犯罪者も、その手腕が卓越しその道のカリスマとなればそこにヒロイズムが生まれる。アンチヒロイズムへの羨望は、いわいる大衆の、体制に対するルサンチマンのはけ口なんじゃないかと思ったりもする。
実際のジェシーがどのような人物だったのかは知らないが、この作品では、アンチヒーローであることを請け負った男の猜疑心と恐怖心をなかなか絶妙に描き出せていると思う、
ジェシーに憧れていたロバートが、結果的にジェシーの命を出汁に名声を得ようとするわけだが、ロバートが実際にこのような卑怯者であったのかどうかは、調べてないので皆目わからない。
が、この作品において、ジェシーへのヒロイズムを高めるために、ロバートの卑劣漢ぶりを強調することが必要だったのだろう。

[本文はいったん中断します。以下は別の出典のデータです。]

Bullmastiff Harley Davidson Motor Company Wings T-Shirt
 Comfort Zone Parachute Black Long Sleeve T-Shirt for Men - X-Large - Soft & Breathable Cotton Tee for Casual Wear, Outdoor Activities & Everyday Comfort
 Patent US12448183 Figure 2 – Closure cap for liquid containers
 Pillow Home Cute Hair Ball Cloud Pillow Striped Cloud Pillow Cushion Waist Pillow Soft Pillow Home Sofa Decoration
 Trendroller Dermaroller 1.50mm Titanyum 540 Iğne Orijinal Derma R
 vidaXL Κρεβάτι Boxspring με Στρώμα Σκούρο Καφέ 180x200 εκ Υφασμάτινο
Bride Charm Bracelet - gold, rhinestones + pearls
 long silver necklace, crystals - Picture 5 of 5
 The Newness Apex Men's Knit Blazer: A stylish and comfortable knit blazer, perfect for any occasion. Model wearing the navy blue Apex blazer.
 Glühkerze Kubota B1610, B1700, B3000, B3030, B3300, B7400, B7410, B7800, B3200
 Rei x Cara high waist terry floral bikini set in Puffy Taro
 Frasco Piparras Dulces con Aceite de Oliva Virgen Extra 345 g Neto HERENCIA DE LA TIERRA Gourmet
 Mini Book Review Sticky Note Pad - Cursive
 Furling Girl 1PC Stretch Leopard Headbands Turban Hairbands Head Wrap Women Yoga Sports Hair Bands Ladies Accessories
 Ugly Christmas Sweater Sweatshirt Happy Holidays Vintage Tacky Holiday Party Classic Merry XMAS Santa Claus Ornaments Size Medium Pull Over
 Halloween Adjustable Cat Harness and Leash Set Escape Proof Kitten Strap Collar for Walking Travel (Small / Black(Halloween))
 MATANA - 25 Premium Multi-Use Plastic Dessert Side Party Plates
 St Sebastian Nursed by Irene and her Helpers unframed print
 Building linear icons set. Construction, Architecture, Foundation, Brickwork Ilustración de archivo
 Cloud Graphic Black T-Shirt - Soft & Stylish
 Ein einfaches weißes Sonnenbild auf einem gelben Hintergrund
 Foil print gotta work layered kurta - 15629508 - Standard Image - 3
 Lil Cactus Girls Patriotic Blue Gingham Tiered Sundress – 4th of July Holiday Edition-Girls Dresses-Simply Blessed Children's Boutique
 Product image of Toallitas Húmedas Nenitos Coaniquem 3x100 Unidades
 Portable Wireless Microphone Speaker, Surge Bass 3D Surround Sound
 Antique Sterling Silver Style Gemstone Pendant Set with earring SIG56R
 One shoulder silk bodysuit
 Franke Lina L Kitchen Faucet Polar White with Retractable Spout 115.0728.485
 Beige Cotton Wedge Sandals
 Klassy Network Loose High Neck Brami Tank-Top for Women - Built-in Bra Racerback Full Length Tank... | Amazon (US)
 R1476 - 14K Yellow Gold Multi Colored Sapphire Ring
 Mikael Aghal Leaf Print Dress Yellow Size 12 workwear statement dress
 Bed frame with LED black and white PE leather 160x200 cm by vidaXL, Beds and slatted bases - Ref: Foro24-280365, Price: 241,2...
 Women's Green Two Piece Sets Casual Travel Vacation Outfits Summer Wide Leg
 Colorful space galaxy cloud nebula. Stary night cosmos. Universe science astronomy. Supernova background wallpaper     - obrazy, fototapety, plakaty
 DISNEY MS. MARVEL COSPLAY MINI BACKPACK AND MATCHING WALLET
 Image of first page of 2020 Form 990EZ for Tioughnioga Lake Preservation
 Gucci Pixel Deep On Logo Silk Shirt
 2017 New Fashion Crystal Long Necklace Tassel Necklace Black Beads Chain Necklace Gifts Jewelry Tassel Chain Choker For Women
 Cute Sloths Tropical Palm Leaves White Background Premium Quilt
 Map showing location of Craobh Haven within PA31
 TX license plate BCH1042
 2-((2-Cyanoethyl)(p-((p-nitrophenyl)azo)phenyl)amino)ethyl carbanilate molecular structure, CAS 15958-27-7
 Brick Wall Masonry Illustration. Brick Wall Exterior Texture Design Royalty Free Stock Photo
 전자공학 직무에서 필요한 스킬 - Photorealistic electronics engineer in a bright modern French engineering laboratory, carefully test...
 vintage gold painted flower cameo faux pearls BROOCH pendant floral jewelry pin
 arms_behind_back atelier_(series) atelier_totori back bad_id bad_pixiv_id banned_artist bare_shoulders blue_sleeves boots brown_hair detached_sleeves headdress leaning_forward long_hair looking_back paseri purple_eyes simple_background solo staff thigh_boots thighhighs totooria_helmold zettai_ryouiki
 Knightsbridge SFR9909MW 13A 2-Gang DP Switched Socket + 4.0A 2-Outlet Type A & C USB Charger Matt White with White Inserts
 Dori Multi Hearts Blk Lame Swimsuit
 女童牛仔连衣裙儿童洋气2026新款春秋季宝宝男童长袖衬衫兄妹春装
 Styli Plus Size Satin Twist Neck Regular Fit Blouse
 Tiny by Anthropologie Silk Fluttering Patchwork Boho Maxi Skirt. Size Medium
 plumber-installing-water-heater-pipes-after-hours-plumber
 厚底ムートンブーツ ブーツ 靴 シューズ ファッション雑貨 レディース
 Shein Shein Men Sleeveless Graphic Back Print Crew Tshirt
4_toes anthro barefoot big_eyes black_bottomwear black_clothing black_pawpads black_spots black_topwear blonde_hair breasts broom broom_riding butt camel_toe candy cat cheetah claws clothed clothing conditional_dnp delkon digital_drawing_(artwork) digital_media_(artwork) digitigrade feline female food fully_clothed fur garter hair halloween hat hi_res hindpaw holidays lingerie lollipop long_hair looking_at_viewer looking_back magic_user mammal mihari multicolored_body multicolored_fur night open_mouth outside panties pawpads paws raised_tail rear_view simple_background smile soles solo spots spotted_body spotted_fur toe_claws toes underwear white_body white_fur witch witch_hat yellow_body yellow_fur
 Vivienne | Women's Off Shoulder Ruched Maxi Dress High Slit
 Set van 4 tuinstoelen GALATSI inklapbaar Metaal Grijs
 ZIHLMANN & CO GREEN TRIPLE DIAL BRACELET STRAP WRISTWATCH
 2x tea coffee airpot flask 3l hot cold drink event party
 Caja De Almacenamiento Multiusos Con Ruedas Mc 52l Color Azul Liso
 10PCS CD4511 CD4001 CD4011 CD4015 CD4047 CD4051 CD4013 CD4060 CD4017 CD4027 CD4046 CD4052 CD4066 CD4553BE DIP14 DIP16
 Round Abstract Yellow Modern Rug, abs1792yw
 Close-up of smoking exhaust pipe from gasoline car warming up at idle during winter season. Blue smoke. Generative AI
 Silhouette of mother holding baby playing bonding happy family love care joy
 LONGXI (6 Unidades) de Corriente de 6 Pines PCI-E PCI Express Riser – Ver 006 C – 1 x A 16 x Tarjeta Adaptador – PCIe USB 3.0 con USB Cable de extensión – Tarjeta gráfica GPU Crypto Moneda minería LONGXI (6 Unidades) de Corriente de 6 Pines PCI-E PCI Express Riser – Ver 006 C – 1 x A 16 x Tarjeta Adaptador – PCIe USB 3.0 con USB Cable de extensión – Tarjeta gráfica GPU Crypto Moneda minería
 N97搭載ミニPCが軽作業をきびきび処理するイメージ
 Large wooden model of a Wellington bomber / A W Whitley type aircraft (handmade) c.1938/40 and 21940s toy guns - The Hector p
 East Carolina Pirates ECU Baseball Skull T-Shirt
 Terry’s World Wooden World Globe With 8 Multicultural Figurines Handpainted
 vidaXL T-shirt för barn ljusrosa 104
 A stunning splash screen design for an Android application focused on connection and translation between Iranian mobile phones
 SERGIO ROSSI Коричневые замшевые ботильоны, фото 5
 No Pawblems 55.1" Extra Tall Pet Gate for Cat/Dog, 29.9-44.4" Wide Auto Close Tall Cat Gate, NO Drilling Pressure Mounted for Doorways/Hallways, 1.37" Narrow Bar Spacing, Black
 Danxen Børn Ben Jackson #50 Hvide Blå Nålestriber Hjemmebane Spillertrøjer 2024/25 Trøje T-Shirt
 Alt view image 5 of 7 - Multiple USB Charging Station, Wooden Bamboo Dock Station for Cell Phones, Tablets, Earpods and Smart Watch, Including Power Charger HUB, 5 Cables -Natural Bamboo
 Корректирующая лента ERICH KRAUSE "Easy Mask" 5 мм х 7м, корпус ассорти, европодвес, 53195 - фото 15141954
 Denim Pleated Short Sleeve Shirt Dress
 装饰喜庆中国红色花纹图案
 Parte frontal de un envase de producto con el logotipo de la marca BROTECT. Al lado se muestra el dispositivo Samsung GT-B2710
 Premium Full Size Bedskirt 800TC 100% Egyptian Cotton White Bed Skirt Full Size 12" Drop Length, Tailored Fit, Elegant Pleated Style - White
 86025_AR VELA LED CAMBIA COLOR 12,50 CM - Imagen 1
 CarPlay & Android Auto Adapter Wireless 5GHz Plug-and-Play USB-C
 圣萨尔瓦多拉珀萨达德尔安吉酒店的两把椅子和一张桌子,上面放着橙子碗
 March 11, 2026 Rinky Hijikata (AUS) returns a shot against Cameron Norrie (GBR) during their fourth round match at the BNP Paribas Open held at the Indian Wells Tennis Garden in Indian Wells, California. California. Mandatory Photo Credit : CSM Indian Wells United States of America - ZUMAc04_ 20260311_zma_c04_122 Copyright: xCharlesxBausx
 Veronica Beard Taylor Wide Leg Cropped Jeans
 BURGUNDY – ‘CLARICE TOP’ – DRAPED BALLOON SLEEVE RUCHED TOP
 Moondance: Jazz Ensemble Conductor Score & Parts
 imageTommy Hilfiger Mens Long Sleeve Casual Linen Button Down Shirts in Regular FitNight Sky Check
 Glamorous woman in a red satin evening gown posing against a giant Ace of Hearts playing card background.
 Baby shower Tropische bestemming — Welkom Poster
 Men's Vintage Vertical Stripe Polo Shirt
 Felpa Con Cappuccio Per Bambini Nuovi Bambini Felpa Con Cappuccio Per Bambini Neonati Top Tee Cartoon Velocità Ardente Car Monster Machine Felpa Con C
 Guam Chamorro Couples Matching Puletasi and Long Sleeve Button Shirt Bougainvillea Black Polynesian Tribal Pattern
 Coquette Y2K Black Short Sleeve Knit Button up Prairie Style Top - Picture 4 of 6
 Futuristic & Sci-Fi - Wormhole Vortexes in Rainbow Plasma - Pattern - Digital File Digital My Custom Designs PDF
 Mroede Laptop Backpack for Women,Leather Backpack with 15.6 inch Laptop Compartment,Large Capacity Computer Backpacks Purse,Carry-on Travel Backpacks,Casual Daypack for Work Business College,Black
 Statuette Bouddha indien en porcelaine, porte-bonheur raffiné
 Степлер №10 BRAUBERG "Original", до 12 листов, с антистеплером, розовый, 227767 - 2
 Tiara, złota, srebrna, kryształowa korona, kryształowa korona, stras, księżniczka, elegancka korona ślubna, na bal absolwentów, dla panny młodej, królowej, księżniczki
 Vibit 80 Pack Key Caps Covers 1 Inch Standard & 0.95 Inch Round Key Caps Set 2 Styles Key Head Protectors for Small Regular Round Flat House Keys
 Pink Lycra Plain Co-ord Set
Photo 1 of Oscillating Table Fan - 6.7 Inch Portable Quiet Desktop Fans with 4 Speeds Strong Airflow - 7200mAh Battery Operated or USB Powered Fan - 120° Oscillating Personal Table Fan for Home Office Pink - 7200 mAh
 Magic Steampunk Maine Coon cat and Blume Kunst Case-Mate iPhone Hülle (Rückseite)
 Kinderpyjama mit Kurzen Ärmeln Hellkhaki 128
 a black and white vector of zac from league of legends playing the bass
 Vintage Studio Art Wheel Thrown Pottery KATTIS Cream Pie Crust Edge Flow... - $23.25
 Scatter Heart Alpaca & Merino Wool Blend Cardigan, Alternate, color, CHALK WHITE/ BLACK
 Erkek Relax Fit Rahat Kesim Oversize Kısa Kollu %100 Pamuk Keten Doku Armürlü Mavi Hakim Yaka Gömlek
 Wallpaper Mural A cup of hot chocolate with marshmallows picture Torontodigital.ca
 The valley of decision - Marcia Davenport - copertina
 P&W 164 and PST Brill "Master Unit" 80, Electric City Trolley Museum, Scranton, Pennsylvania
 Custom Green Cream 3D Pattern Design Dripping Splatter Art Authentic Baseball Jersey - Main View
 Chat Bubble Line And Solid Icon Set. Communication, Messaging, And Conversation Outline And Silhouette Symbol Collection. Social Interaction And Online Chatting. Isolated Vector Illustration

ジェシーの悪を背負って苦悩しながらも生きる姿に、ある種の人間の強さを見出し、それゆえ人はジェシーに畏怖を覚えるのだと思う。
事件の被害者でない限り、犯罪に対する悪の重さは、人を出汁に使う道義心の欠如と同列、もしくはより軽く感じられるという心理作用は、戦争で爆撃の場面より、一人の人間をジワジワいたぶる場面の方がより残酷性を有していると見えてしまう感覚と通じるものがある。
仲間内で、互いの心理を伺いながらの食卓のシーンは、緊迫感に満ちていて、作品の中でも最もスリルのある場面だ。
静寂の中に、心の激しいやり取りがある。
この映画を退屈だと評する人は、そういう部分に目を向けていないからなんだろうな。